[Stored data]
Content starts
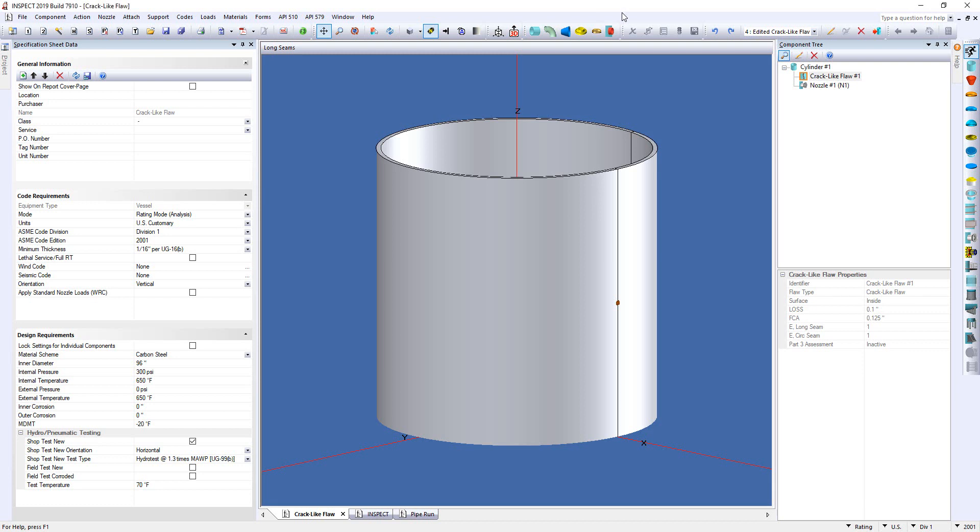Hello and welcome to the What's New video for InSpec 2019 Build 7910. My name is Matt Haaland and I'm the General Manager here at Codeware. Today I'm going to go through some of the new features that we've added into our InSpec program. So let's get started.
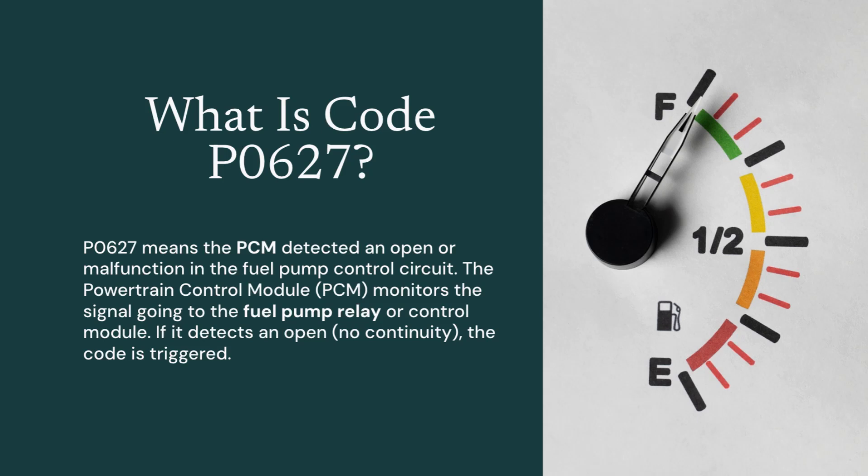Code P0627 indicates an electrical problem in the fuel pump control circuit. This means the vehicle's computer tried to activate the fuel pump relay or fuel pump control module, but didn't see the correct response.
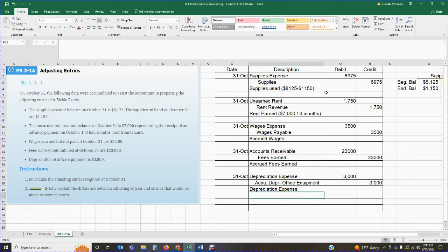We are adjusting certain accounts for transactions that had not happened or that we had not updated in our system. Depreciation gets done every end of month. We need to determine whether we owe wages, whether fees have been prepaid and are now earned, and whether any unearned revenue has been earned. It's a matter of analyzing each transaction, understanding what is occurring, and then recording our adjusting entries before we prepare our final financial statements. The second question asks to briefly explain the difference between adjusting entries and entries made to correct errors.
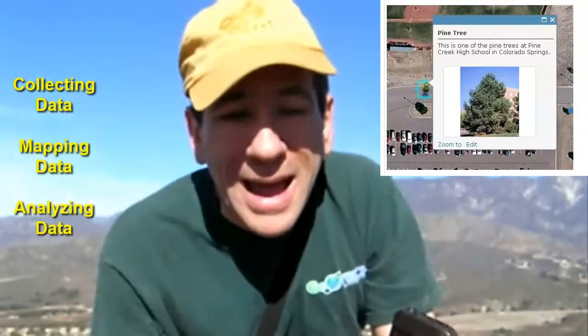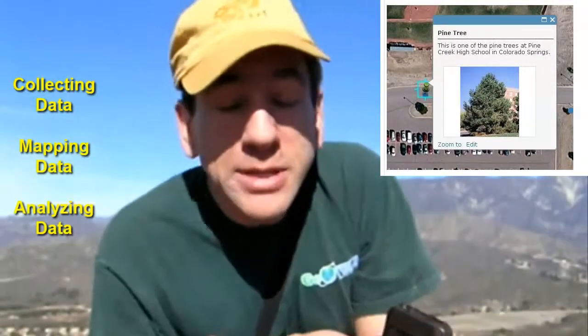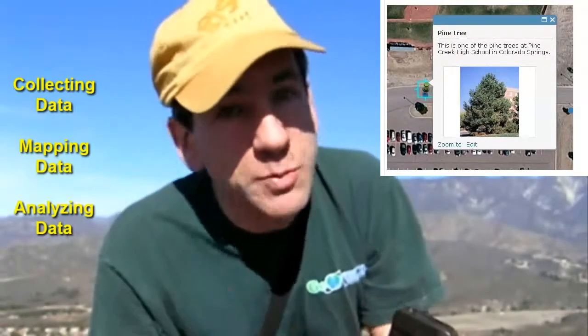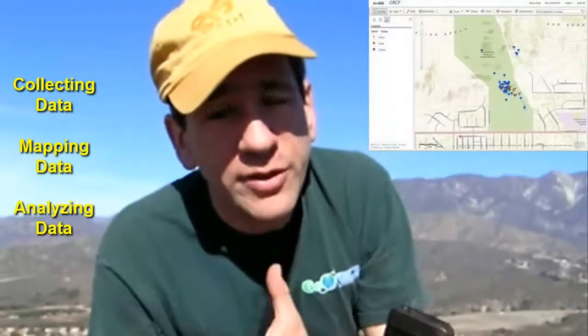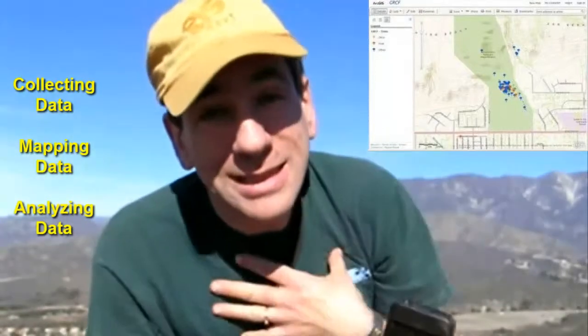So we want to look at the spatial patterns. Sometimes there is no spatial pattern for the things you're mapping, but that's just as informative, I believe, as finding a spatial pattern.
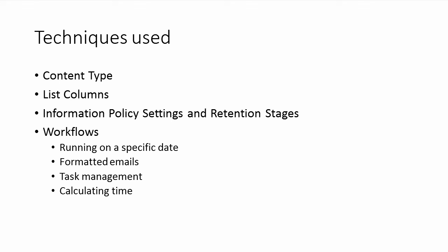So those are the new techniques that you'll be learning if you follow through on all of these demonstrations in this series where I'll be building the rental agreements solution.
Content ends
* Task instructions *
Where the line with "Code P0627 indicates" appears, begin there and transcribe exactly through the last line of the data, leaving all pictures aside.

* Answer to the problem *
Code P0627 indicates an electrical problem in the fuel pump control circuit. This means the vehicle's computer tried to activate the fuel pump relay or fuel pump control module, but didn't see the correct response.
We are adjusting certain accounts for transactions that had not happened or that we had not updated in our system. Depreciation gets done every end of month. We need to determine whether we owe wages, whether fees have been prepaid and are now earned, and whether any unearned revenue has been earned. It's a matter of analyzing each transaction, understanding what is occurring, and then recording our adjusting entries before we prepare our final financial statements. The second question asks to briefly explain the difference between adjusting entries and entries made to correct errors.
So we want to look at the spatial patterns. Sometimes there is no spatial pattern for the things you're mapping, but that's just as informative, I believe, as finding a spatial pattern.
So those are the new techniques that you'll be learning if you follow through on all of these demonstrations in this series where I'll be building the rental agreements solution.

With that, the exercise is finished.